Collected data
----
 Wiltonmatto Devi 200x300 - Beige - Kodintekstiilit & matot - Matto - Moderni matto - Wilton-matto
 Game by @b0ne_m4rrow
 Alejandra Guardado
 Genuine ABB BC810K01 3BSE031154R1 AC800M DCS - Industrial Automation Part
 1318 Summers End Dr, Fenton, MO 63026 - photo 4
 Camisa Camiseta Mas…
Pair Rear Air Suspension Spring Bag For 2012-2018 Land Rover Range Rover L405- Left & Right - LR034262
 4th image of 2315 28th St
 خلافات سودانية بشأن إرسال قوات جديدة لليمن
----
#### What the exercise asks:
Return precisely the lines of the records, starting with the line that holds "Genuine ABB BC810K01" and ending with the last one.

#### Solution:
 Genuine ABB BC810K01 3BSE031154R1 AC800M DCS - Industrial Automation Part
 1318 Summers End Dr, Fenton, MO 63026 - photo 4
 Camisa Camiseta Mas…
Pair Rear Air Suspension Spring Bag For 2012-2018 Land Rover Range Rover L405- Left & Right - LR034262
 4th image of 2315 28th St
 خلافات سودانية بشأن إرسال قوات جديدة لليمن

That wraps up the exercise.